Zach, here are some of my thoughts, slightly rambling because I'm under the weather and my head is foggy. This is from a background of heating land-structures with woodstoves up in northern Minnesota.
Edit stuck in to say that I thought about this more, and realize that you weren't exactly proposing to cool the pipe, and it kind of sounds like I thought you were. Actually, double pipe is often used to insulate the pipe and keep it hot inside and cool outside (like in an attic, where there's insulation between the two pipes structure; or in a heated room, where if you have a low clearance situation you can buy double metal pipe that's not insulated between)
Now back to my previous diatribe:
I don't think there's anything wrong with a hot flue. When burning wood (not saying you'll be doing this, but if you are), it's actually desirable, because it keeps creosote from forming inside the chimney (which can catch on fire and cause a chimney fire - those are scary). When you have a home woodstove, you're always endeavoring to keep the chimney or flue-pipe nice and hot. Not ridiculously hot, of course, but the last thing you want to do is "cool" the flue. One gadget that's handy for getting a feel for temps is something they make for metal stove pipes which is a magnetic thermometer.

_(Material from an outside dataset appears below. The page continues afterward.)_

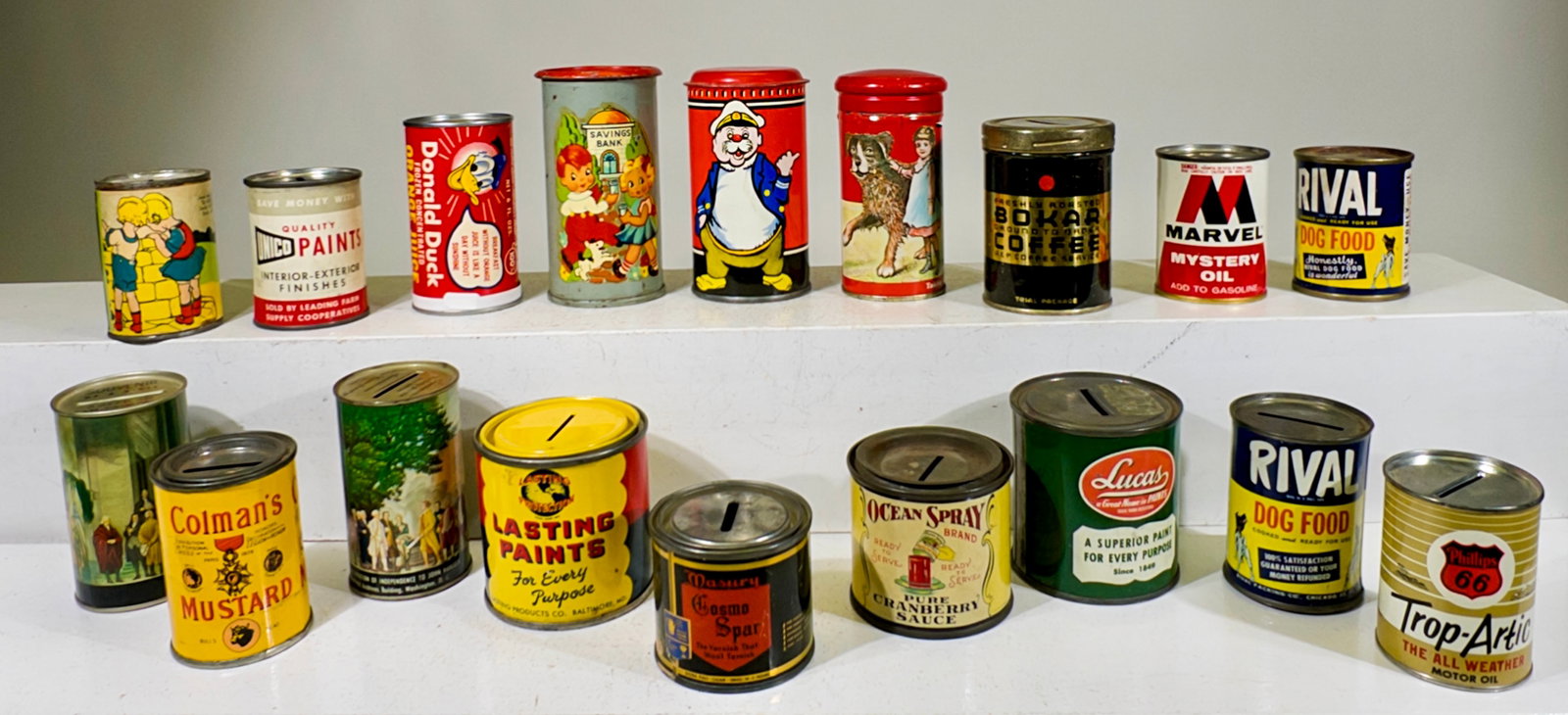 Eighteen Tin Cylinder Can Banks - Many Advertising Products (1 of 2)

Very inexpensive and shows you what's going on (I suppose these days you could use an infrafred thermometer, but these are handy and simple and just sit there working all the time.)

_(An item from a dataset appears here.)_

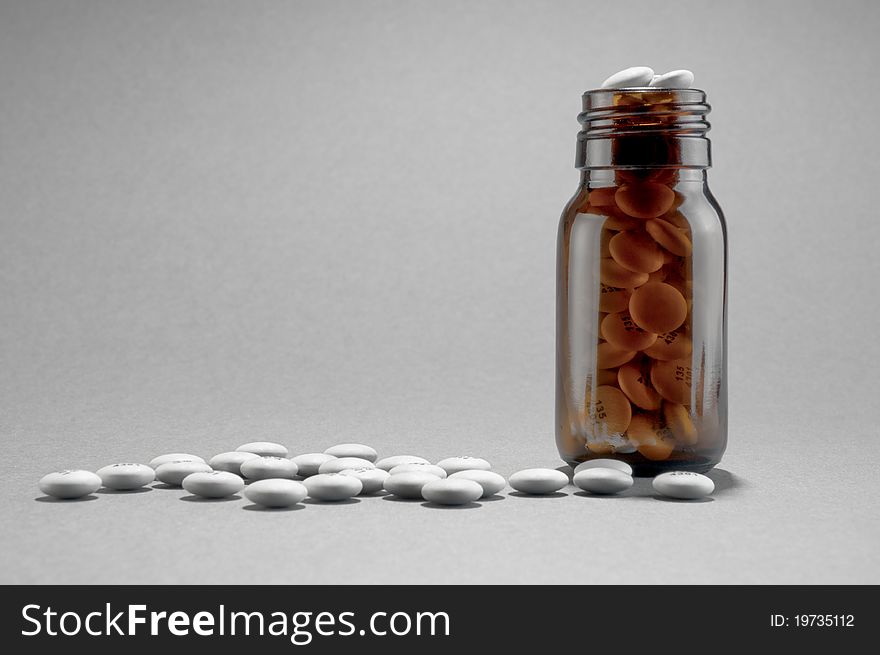 Bottle of white pills/tablets on plain backround with space for text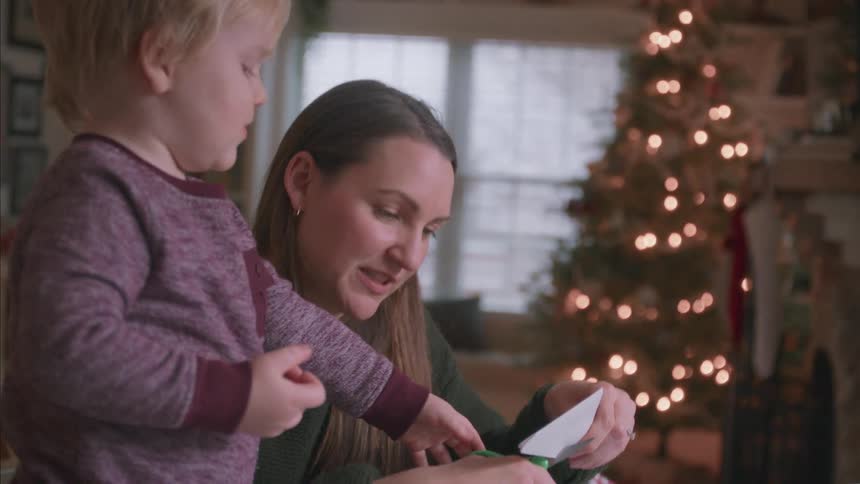 A mother and her young son make Christmas crafts together in front of a twinkling Christmas tree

What keeps the whole thing safe is a proper installation. That is, it should be installed in such a way that you don't have to worry if the flue gets hot (normally hot, anyway). In houses you achieve this mostly with air space, especially behind a suspended shield (i.e. metal sheet that's held 1" off the bulkhead, or the like). In home installations with metal pipe, there's a big, bulky, sheet metal fitting that carries the pipe through the rafters and roof safely, with lots of air space. There are similar things for boats, often with a well that's meant to have water in it. You can see lots about this at the oft-mentioned
www.marinestove.com They have installation diagrams, etc. It's also important to keep the flue as small in diameter as the mfgr. recommends, because a larger flue will allow cooling and also compromise the draft.
I don't believe diesel heaters get quite as hot as solid fuel, but the principles are similar. When I was in Northern British Columbia for a season, we had a Sigmar diesel heater (a fine unit) mounted on a bulkhead and ran it about 16 hours a day (always on except when sleeping). This was on a 10' beam 30-footer. I didn't install the stove, but it seemed like a mostly-good installation and we never had any overheating of the boat parts that I detected.

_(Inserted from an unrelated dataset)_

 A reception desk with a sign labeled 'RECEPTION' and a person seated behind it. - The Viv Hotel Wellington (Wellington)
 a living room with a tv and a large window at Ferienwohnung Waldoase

That said, I would have added more heat shielding of the bulkhead wood, were it my boat, especially in that little gap above the stove body, and then again on the upper bulkhead. Although the charring of the wood you see is from a previous owner's woodstove installation. The thing is that if wood gets really hot, over and over, it lowers the burn point, and then it can catch fire much more easily than it would have to begin with. We did have some metal heat shielding on the bulkhead behind the stove (this came with the stove, I think), and also behind the stovepipe (purpose fit). The stove was mounted near the sole, so no overhead protection was necessary. The through-deck fitting was not the water ring type.
There was also some perforated metal shielding around the flue pipe lower down, so that if you touched it you weren't touching super hot pipe. I'll put in a couple of photos that show it to some extent.
So I guess if it were me, I'd be thinking about installing in such a way that the flue can safely get reasonably hot, more than trying to keep the flue cool.